The sensor module can be implemented as a script which captures unstructured data. The extractor module is responsible for identifying and distinguishing the events within the data streams. On each event, the parser module runs data analytics processes such as filtering, pattern recognition and data mining. The parser module can also be decomposed into multiple layers such as in the Lambda architecture where Hadoop serves as the batch layer for long term data and Storm serves in the speed layer to manage real time data. Formatter and outputter are responsible for generation of the structured data out of the unstructured data under analysis and maintaining them in a file system of NoSQL database.

In an open IoT system, a similar software chain approach can be adopted. As today’s technology is able to enable access to sensor readings through web-based services; the sensor component can obtain the data of the IoT sensors via APIs that enable access to web servers. The Open Geospatial Consortium’s (OGC) IoT RESTful API has been built on the OGC Sensor Web Enablement standards in order to interconnect IoT objects, their data and applications over the web via JavaScript Object Notation (JSON) data interchange format. The API can be integrated to the sensor-end of the software chain in order to make various IoT sensors of multiple participants connect to the web servers that are compliant with the OGC standard [12].

3.2 Challenges Experienced in IoT-Big Data Systems

Focusing on IoT-big data systems, we identify some distilled guidelines based on experiences within the ParticipAct sensing project [4], and identify four major categories for design guidelines as support for spatio-temporal queries, minimal overhead on IoT nodes, openness and security, and fast feedback and minimal delay in producing quality-aware sensing data.
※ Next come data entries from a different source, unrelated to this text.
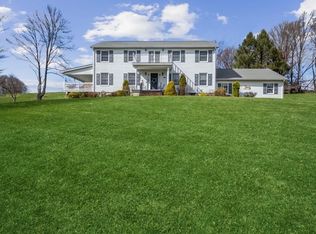 30-32 Cobblestone Rd, Wappingers Falls, NY 12590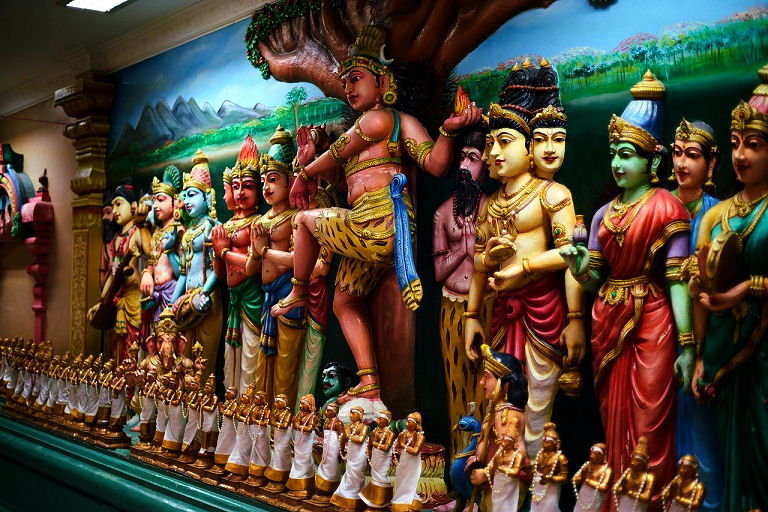 Götter im Hinduismus werden in intensiven Farben dargestellt.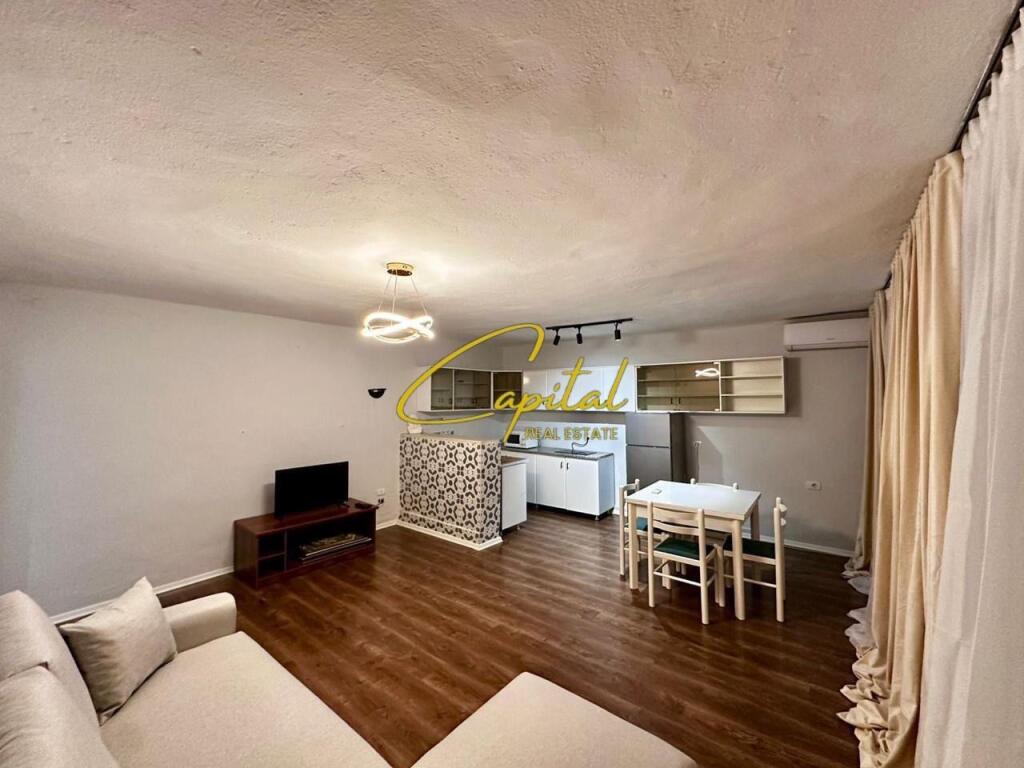 APARTAMENT ME QERA 1+1 QENDER 60.000 LEKE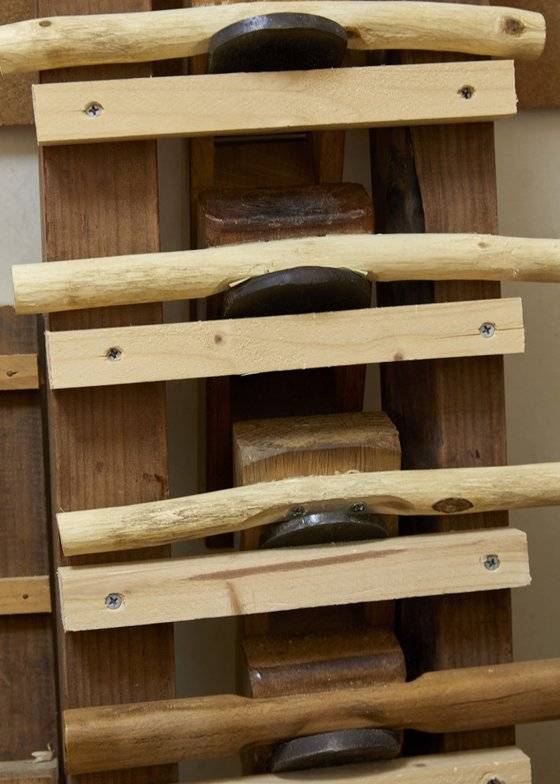 소반 제작에 쓰이는 대패들. 앉아서 하는 작업이 많고 크기가 작은 소반의 특성상 미끄러짐을 방지하기 위해 양옆에 손잡이가 달렸다.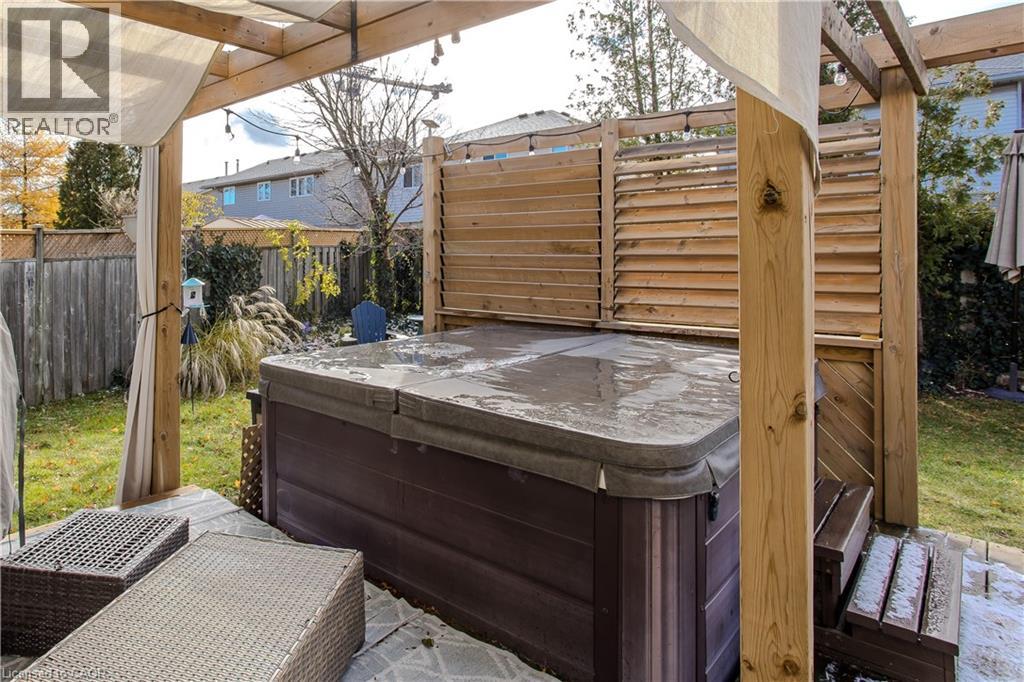 347 Delancey Boulevard, Hamilton, Ontario  L9B 2B4 - Photo 31 - 40787305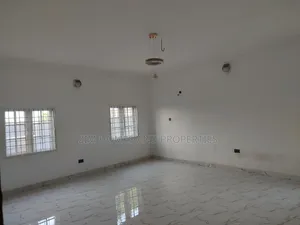 3bdrm Block of Flats in Zim Homes And, Area 1 for rent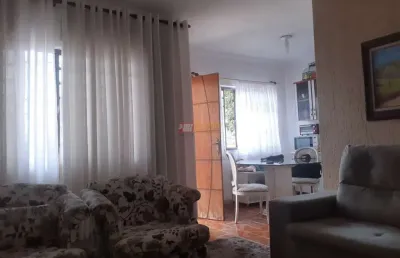 Casa térrea no bairro paulicéia em são bernardo do campo.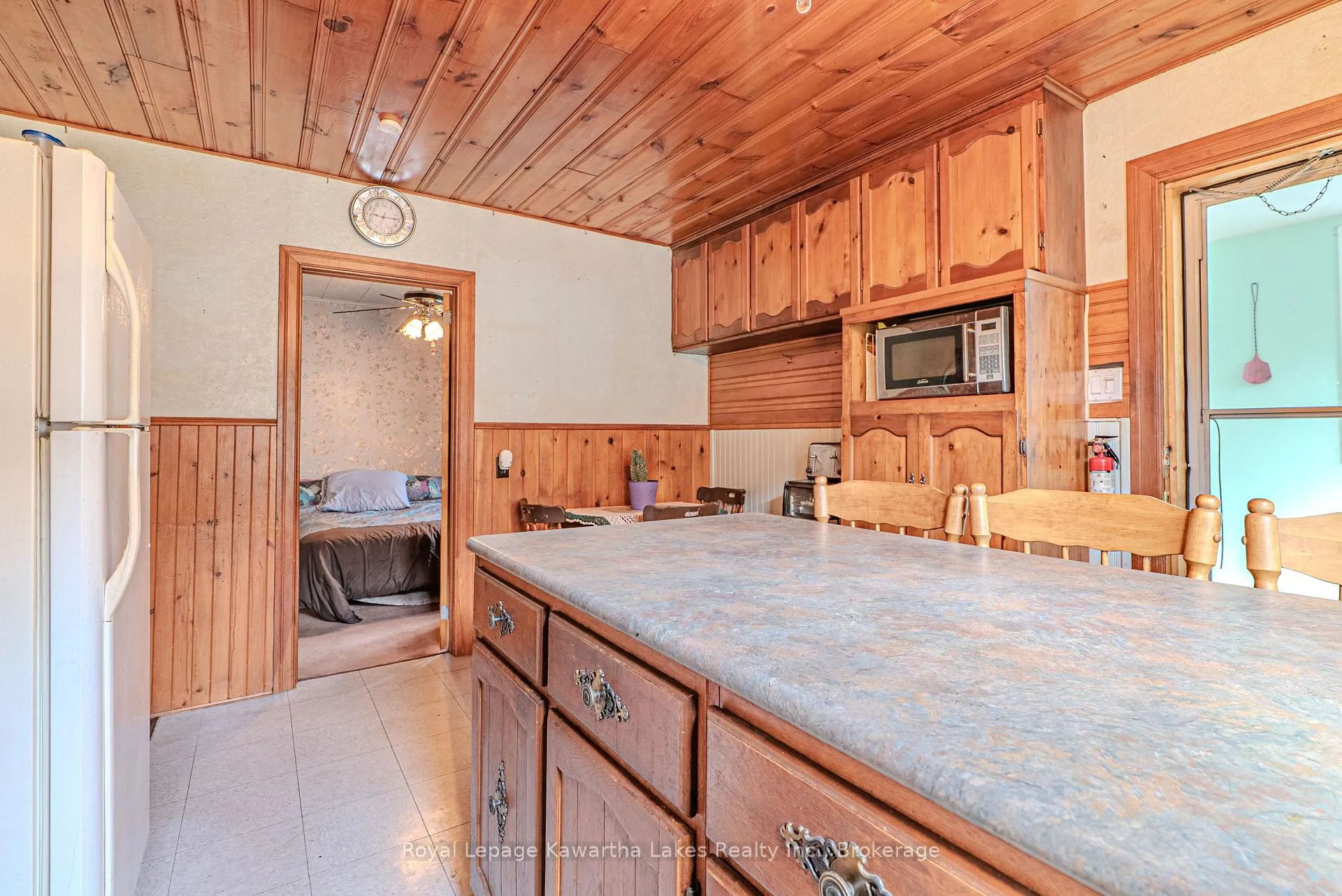 Photo 12 of 244 Annis Street, Oshawa, Lakeview — HOMEH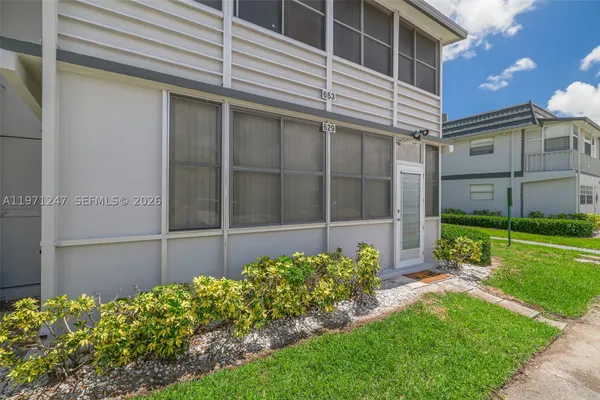 Property Slideshow image 3 of 46 | 629 saxony pl 629, Delray Beach, FL, 33446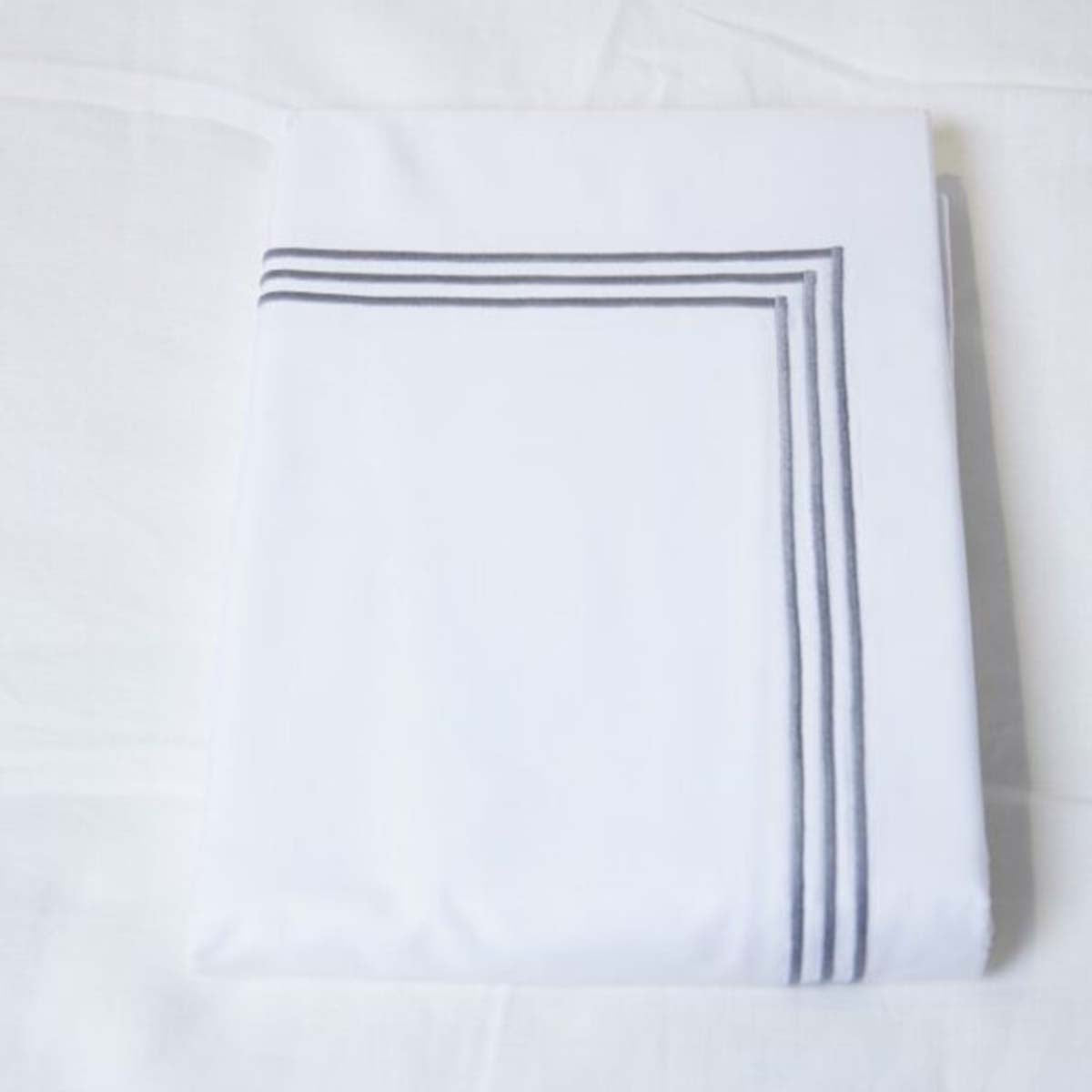 An image of Gracious Home 3-Line Embroidered Duvet Cover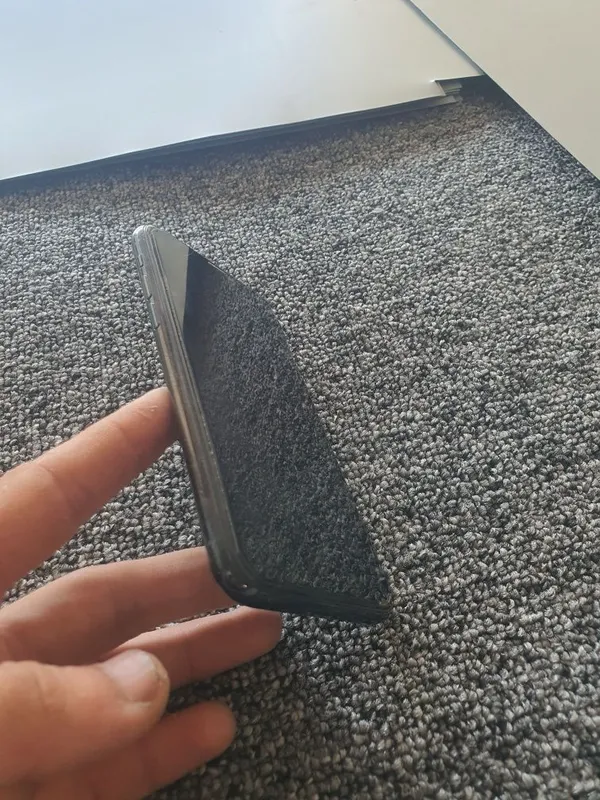 IPhone 11 pro Yonkist 100% Face yuq Ture tone bor Srochni 4 IPhone 11 pro Yonkist 100% Face yuq Ture tone bor Srochni 4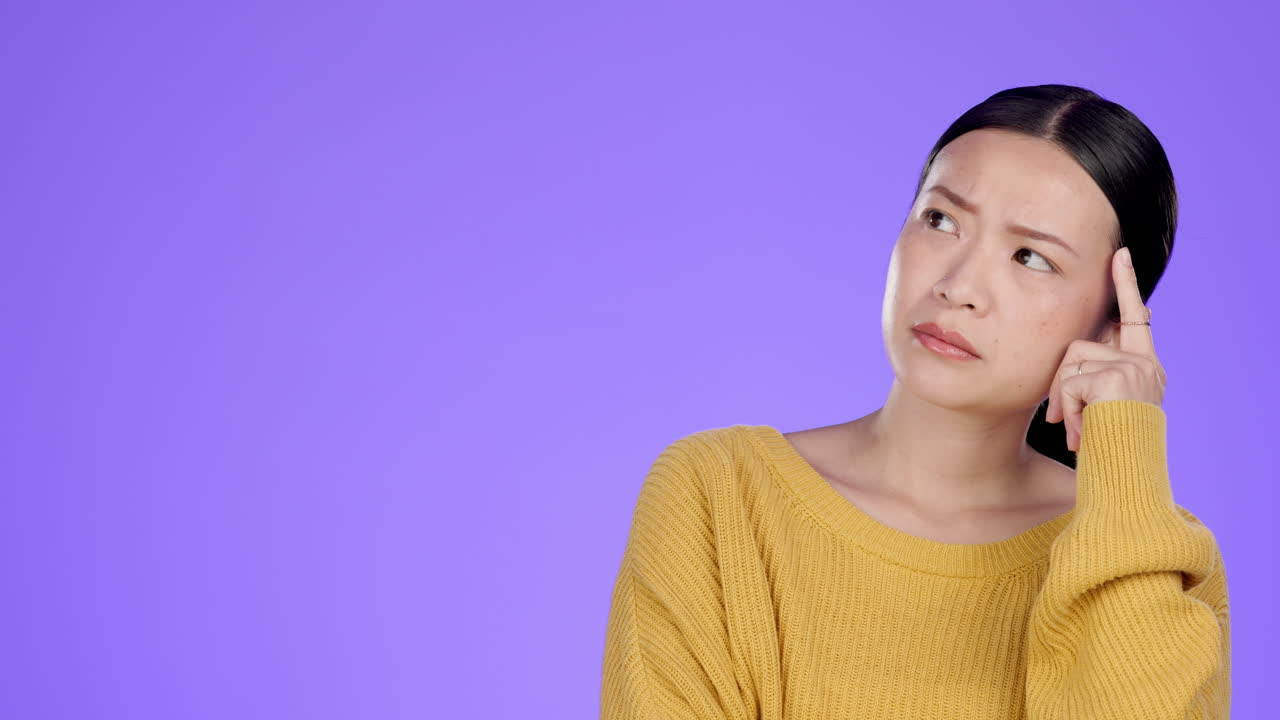 아시아 여성, 모형에 대해 생각하고 궁금합니다.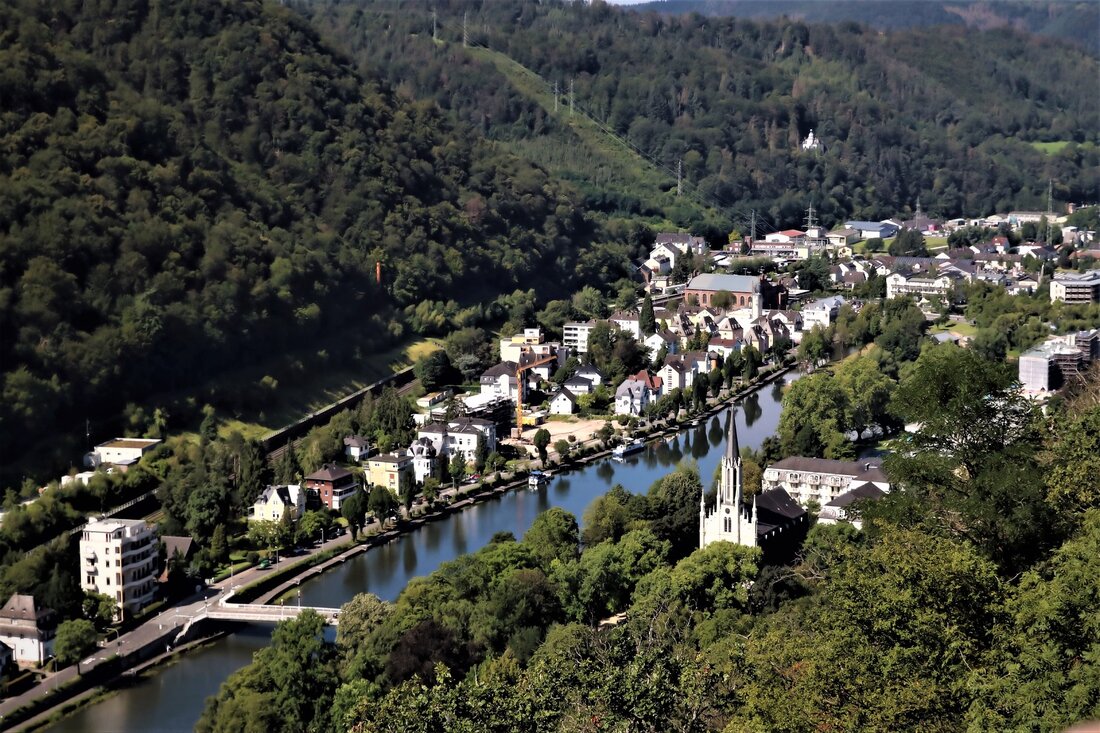 Historische Sehenswürdigkeiten in Bad Ems Bad Ems ist ein wunderschöner Ort im Herzen des Rheinland-Pfalz. Es ist ein beliebtes Reiseziel für Touristen, die die malerische Landschaft, die vielen Sehenswürdigkeiten und die reiche Geschichte erleben möchten. Bad Ems ist ein Muss für jeden Besucher. Die Stadt ist eine der ältesten Kurbäder des Rheinland-Pfalz und hat eine lange und bewegte Geschichte. Es gibt viele historische Sehenswürdigkeiten, die einen Besuch wert sind, darunter das Schloss Bad Ems, das im 16. Jahrhundert erbaut wurde. Heute beherbergt es ein Museum, das die Geschichte der Stadt und der Region erzählt. Das Schloss ist nur eine von &hellip;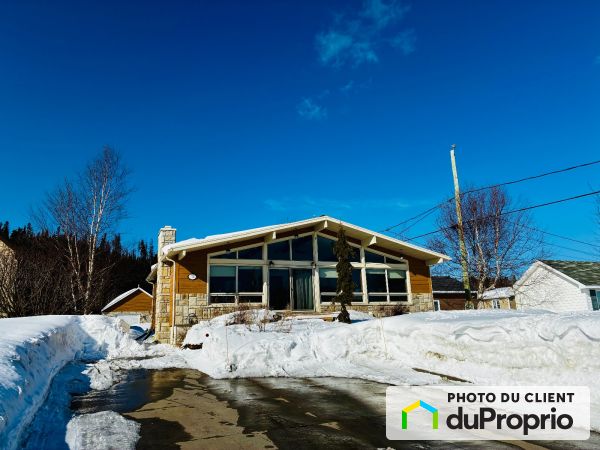 718, rue de la Rive, Sept-Iles à vendre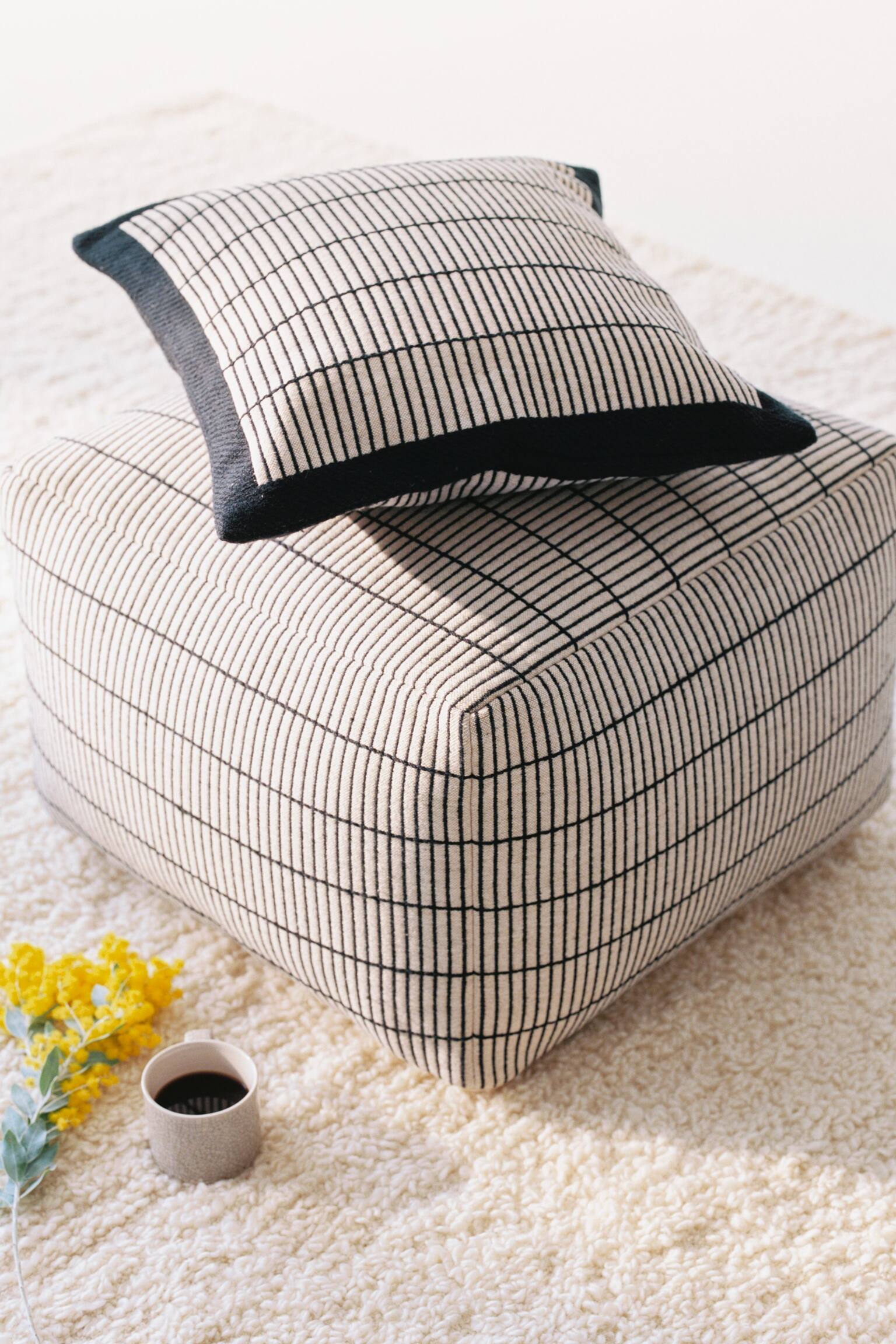 Πουφ από βαμβάκι-μαλλί - Μαύρο/Μπεζ - 2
Support for Spatio-Temporal Queries. Support for spatio-temporal queries over sensed data is a key factor when considering big data because of all possible sources of where/when data might be pushed from, and it is also important to keep track of sensed data chunks for future uses. First of all, as data is neither temporally nor spatially static in the IoT, storage and scalability of retrieving the data appears as an important issue due to the constant movement of data.

Minimal Overhead on IoT Nodes. By this design guideline, we aim at minimizing energy consumption due to computing and communication at IoT nodes through optimizations of local sensing processes (such as, duty-cycling, employing physical models/verifications, etc.) and, most important, of sensed data transmissions toward the backend (such as, by locally bulking multiple data samples in the same sent packet, coordinating IoT nodes in the same location to avoid useless readings such as in WSN, etc.).

Openness and Security. Sensed data should be stored securely and encrypted to protect it from possible threats. This challenge has been tackled in [13] through the use of a distributed storage system using Shamir’s secret sharing as the driving algorithm for both security and storage.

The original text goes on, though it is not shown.